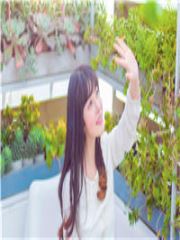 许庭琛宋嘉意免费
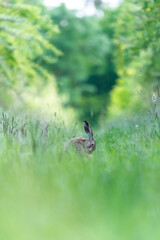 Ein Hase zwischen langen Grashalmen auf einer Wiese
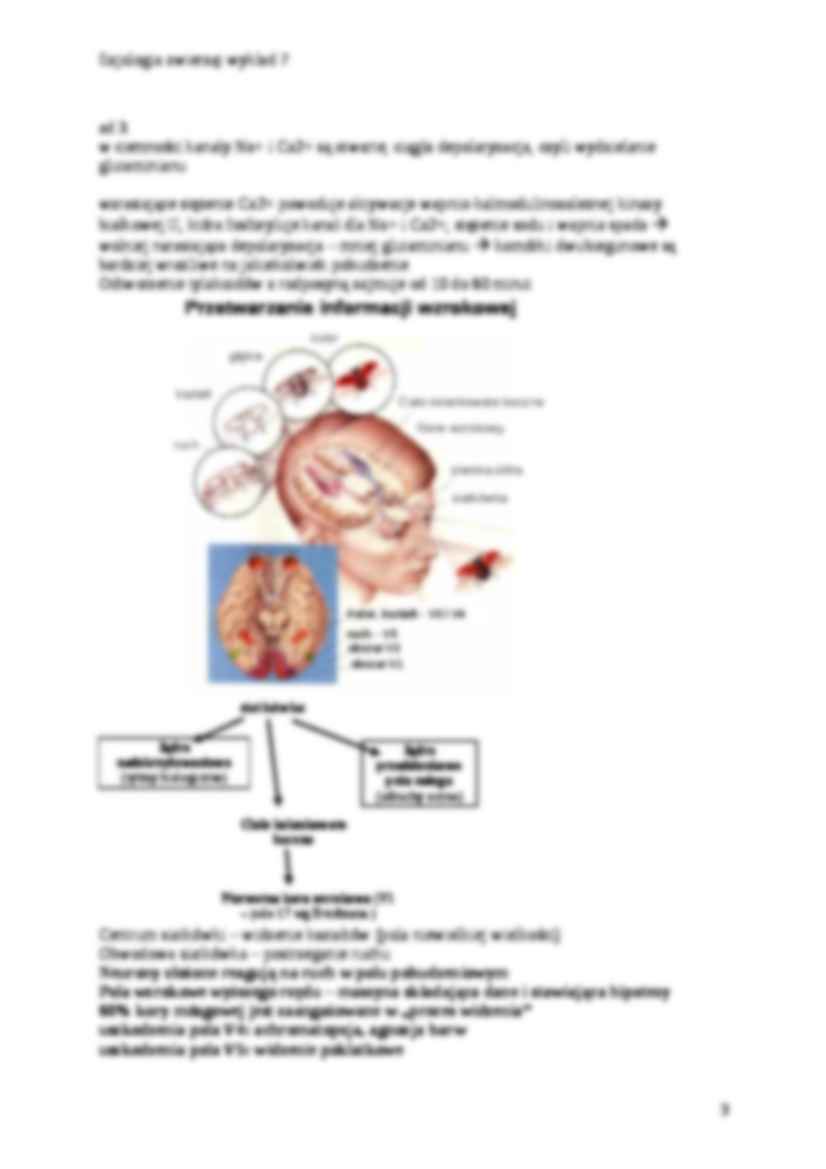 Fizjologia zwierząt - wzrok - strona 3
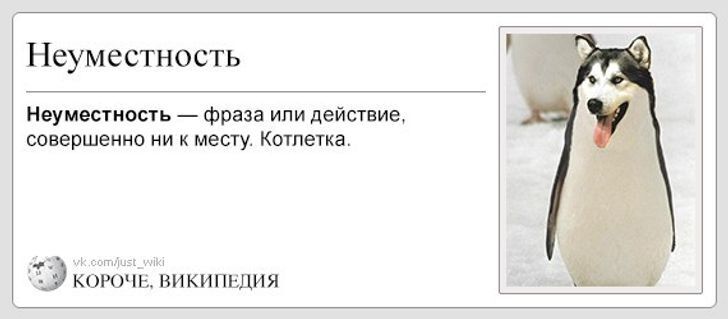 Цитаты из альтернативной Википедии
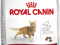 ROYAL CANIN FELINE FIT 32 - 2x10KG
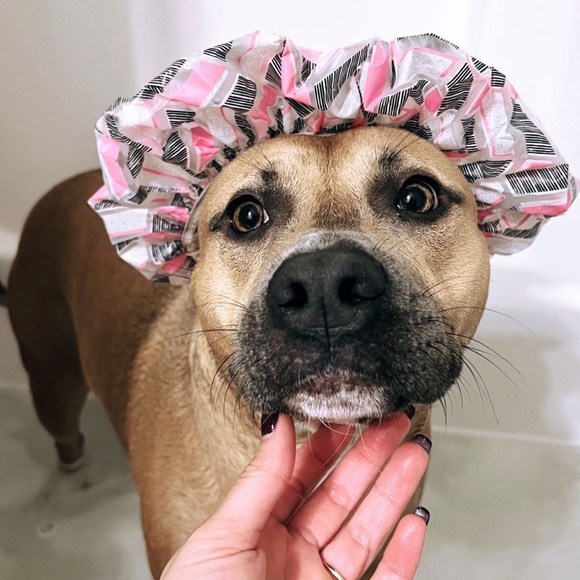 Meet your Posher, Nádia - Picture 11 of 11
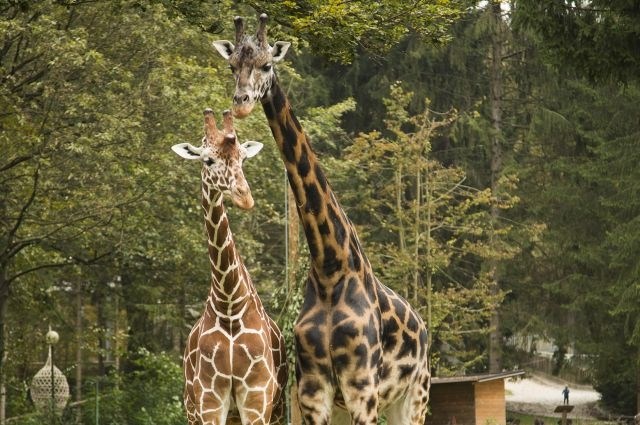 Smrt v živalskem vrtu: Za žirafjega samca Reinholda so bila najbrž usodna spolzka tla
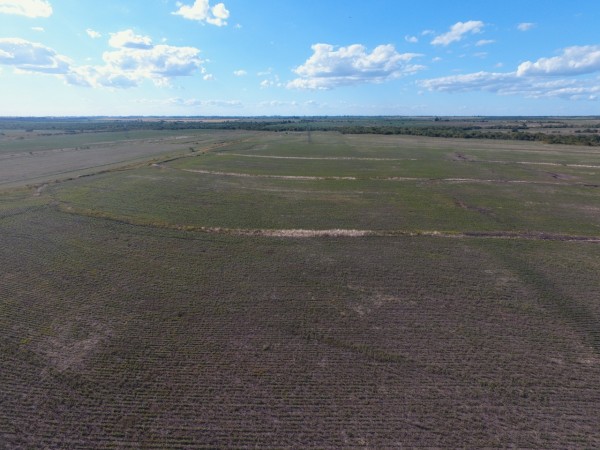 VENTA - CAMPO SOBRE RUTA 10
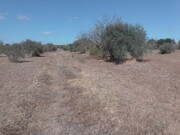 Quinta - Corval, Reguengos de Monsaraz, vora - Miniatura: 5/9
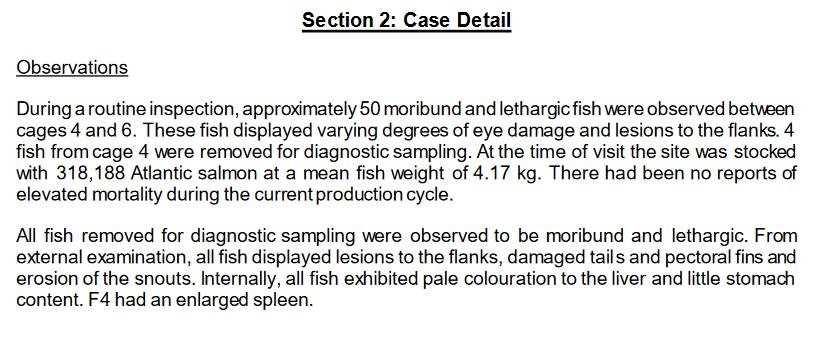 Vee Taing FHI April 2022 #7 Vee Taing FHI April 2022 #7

EXERCISE DIRECTIONS
Word for word, restate the records shown above, minus the pictures.

YOUR RESPONSE
 许庭琛宋嘉意免费
 Ein Hase zwischen langen Grashalmen auf einer Wiese
 Fizjologia zwierząt - wzrok - strona 3
 Цитаты из альтернативной Википедии
 ROYAL CANIN FELINE FIT 32 - 2x10KG
 Meet your Posher, Nádia - Picture 11 of 11
 Smrt v živalskem vrtu: Za žirafjega samca Reinholda so bila najbrž usodna spolzka tla
 VENTA - CAMPO SOBRE RUTA 10
 Quinta - Corval, Reguengos de Monsaraz, vora - Miniatura: 5/9
 Vee Taing FHI April 2022 #7 Vee Taing FHI April 2022 #7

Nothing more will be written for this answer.